**Given records**.
* * *

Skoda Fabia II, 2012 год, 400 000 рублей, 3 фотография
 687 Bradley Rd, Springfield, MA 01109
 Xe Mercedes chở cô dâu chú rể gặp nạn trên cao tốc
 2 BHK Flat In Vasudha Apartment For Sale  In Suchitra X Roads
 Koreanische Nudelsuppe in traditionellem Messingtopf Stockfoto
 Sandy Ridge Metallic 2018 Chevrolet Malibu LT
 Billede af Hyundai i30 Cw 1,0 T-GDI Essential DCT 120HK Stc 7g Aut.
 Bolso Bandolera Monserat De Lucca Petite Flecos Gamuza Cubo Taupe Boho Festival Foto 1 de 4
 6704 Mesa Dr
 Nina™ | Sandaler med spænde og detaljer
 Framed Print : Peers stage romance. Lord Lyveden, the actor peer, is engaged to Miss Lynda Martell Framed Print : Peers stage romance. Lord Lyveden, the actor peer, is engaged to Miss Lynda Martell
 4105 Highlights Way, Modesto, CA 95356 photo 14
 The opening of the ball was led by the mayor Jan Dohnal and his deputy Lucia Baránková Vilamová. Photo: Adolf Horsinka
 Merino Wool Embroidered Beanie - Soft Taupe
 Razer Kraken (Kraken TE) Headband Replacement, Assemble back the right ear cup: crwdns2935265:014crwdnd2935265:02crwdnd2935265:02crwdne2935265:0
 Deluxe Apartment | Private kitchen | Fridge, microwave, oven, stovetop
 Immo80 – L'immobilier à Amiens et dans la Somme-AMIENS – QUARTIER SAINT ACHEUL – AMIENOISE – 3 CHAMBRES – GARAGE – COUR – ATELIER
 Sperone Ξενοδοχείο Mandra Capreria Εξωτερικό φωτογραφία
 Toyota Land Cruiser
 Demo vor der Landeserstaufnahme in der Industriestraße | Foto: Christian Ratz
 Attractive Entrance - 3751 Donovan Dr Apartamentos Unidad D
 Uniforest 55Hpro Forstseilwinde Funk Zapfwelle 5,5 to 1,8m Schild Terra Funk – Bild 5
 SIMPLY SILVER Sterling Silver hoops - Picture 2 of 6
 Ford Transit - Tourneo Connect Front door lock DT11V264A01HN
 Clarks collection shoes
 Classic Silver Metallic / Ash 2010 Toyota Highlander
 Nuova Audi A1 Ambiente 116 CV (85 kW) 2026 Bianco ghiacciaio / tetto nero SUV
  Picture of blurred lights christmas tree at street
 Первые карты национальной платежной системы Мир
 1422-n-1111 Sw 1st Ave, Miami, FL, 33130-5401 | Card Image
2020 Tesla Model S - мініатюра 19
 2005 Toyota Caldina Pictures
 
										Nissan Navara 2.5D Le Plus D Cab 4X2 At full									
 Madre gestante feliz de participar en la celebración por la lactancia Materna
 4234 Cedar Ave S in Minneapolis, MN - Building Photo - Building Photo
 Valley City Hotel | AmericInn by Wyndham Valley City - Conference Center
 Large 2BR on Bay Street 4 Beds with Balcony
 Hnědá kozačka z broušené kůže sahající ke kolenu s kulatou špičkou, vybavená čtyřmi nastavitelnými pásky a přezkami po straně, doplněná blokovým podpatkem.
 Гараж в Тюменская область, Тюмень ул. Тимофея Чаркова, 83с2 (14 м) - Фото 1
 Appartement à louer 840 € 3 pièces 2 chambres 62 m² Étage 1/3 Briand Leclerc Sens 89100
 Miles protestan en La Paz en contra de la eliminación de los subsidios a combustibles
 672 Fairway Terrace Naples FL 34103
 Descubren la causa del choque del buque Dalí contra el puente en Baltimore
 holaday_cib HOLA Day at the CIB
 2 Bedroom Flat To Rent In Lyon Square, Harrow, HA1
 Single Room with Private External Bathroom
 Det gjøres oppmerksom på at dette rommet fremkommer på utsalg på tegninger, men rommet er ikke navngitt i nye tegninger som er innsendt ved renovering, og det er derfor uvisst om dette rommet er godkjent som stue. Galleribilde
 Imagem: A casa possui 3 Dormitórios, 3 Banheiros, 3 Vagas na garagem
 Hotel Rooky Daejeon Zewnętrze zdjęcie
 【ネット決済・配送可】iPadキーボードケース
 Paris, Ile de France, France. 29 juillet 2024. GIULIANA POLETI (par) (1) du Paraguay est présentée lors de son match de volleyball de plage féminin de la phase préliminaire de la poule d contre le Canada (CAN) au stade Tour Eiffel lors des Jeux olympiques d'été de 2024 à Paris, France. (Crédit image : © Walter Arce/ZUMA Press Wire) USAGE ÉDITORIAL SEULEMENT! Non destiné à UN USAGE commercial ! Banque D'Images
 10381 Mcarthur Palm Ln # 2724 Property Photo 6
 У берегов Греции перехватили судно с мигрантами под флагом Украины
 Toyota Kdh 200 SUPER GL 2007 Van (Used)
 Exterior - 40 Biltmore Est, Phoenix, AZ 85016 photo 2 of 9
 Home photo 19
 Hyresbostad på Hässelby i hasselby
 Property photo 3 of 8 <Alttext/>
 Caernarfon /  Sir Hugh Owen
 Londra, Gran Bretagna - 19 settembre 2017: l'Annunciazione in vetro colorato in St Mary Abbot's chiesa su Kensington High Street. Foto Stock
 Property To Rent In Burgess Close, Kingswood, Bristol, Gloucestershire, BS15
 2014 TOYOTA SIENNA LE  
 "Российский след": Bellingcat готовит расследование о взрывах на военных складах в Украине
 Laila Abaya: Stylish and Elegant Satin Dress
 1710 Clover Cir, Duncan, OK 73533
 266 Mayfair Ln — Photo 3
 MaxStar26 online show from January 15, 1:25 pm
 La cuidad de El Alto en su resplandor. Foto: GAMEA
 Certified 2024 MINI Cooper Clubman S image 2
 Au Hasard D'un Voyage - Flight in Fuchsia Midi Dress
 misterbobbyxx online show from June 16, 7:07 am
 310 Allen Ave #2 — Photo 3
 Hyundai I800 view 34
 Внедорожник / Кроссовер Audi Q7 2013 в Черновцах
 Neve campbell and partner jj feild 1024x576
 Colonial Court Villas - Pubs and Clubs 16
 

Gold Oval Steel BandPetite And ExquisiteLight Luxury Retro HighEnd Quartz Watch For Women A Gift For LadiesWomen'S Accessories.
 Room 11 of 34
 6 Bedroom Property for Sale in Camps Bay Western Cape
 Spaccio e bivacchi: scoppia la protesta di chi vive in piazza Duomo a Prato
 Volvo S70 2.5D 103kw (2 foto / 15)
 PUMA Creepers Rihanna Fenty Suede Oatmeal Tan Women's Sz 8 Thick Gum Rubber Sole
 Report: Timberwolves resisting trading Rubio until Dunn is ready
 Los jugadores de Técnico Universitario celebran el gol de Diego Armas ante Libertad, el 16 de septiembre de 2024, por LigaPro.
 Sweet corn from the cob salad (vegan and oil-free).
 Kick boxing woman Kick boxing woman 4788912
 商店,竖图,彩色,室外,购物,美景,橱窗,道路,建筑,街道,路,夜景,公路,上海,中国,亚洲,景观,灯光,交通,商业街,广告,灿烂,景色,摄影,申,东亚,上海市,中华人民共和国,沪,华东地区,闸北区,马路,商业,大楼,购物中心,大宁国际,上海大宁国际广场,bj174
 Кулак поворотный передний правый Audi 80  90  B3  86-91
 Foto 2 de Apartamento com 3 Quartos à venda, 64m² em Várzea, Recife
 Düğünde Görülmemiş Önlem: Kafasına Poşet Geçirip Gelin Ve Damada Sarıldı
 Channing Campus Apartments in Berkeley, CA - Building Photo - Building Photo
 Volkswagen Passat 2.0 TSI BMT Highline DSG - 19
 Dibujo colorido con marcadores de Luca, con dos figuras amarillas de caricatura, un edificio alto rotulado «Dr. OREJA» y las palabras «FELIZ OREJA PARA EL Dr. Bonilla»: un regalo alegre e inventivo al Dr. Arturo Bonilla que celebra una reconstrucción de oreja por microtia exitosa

* * *

**Task requirements**. The lines above, starting at the one with "Sir Hugh Owen" and ending at the one with "складах в Украине", are the only ones to return, exactly as written.

**Your response**.
 Caernarfon /  Sir Hugh Owen
 Londra, Gran Bretagna - 19 settembre 2017: l'Annunciazione in vetro colorato in St Mary Abbot's chiesa su Kensington High Street. Foto Stock
 Property To Rent In Burgess Close, Kingswood, Bristol, Gloucestershire, BS15
 2014 TOYOTA SIENNA LE  
 "Российский след": Bellingcat готовит расследование о взрывах на военных складах в Украине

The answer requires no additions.